Data extracted from a collection:
◆ ◆ ◆
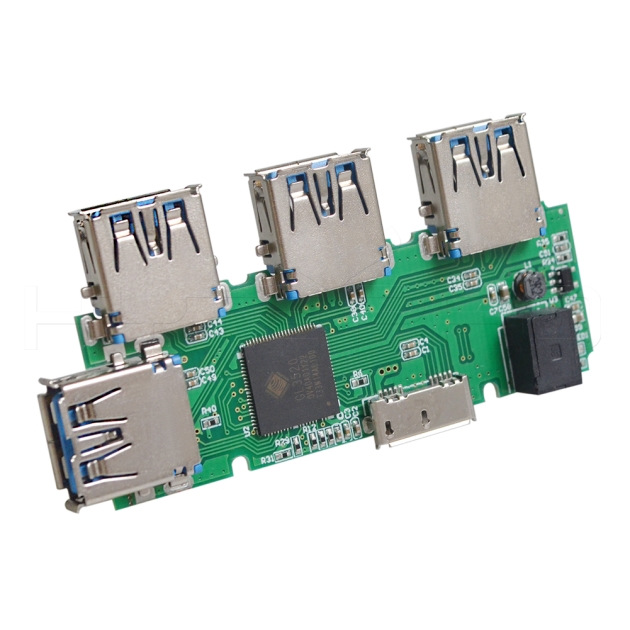 Customize design 4 port 3.0 usb otg hub pcb board -304P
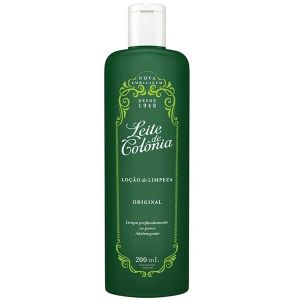 Loção De Limpeza Corporal Leite De Colônia Original 200mL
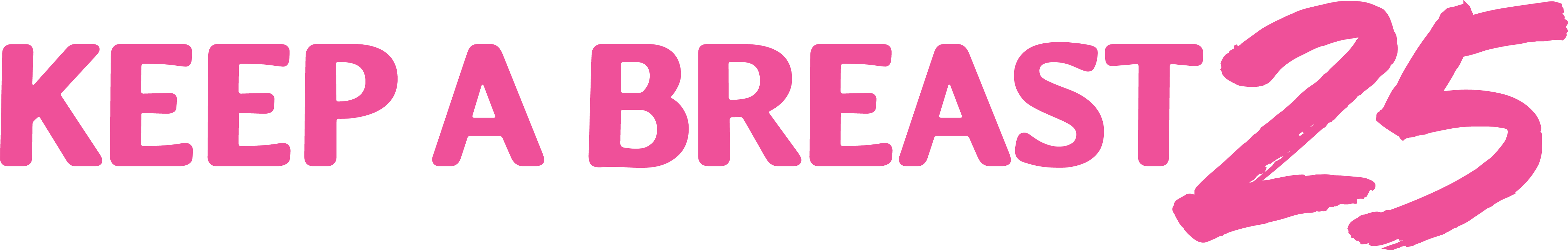 The Keep A Breast Foundation logo logo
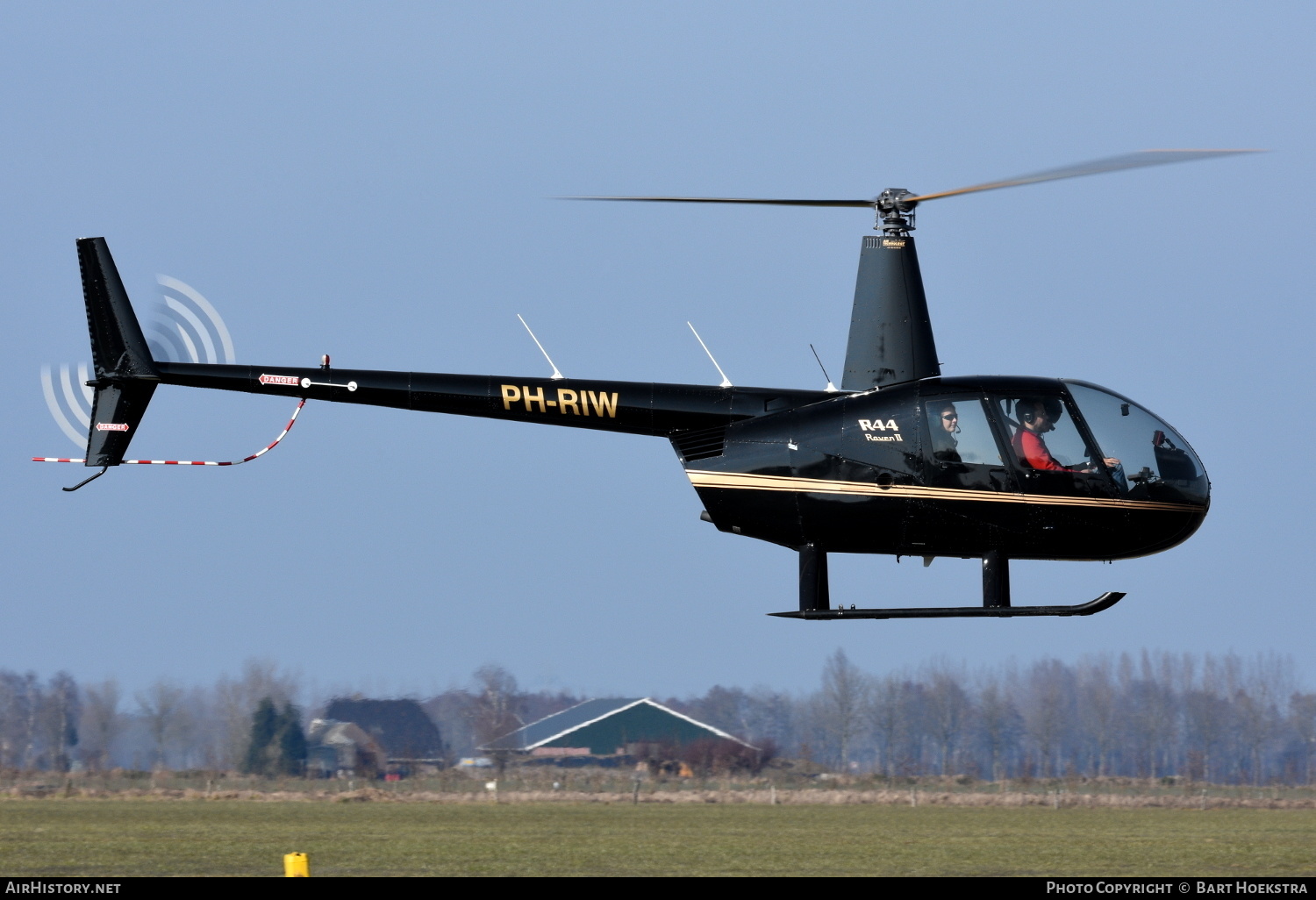 Aircraft Photo of PH-RIW | Robinson R-44 Raven II | AirHistory.net #200846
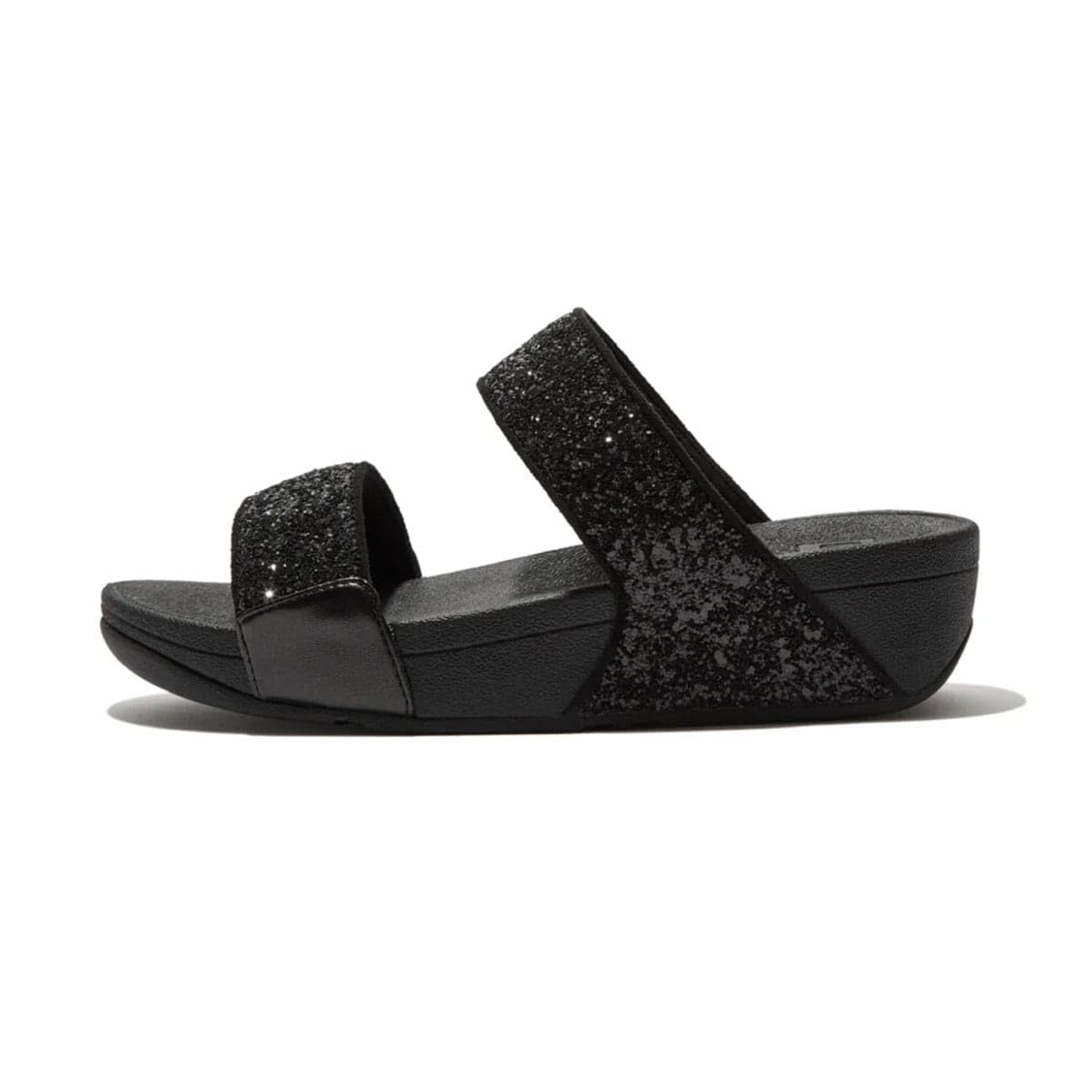FitFlop Women's Lulu Glitter Slide Sandal
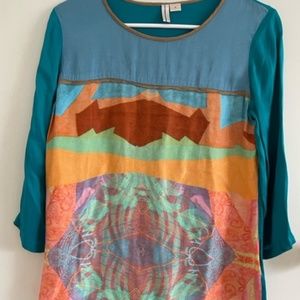 Anthropologie Blank London Kamet Blouse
◆ ◆ ◆
What the task requires:
Copy exactly the lines from the first line of the records above through the line with "Aircraft Photo of", both included, and nothing else. Pictures stay out.

Response box:
 Customize design 4 port 3.0 usb otg hub pcb board -304P
 Loção De Limpeza Corporal Leite De Colônia Original 200mL
 The Keep A Breast Foundation logo logo
 Aircraft Photo of PH-RIW | Robinson R-44 Raven II | AirHistory.net #200846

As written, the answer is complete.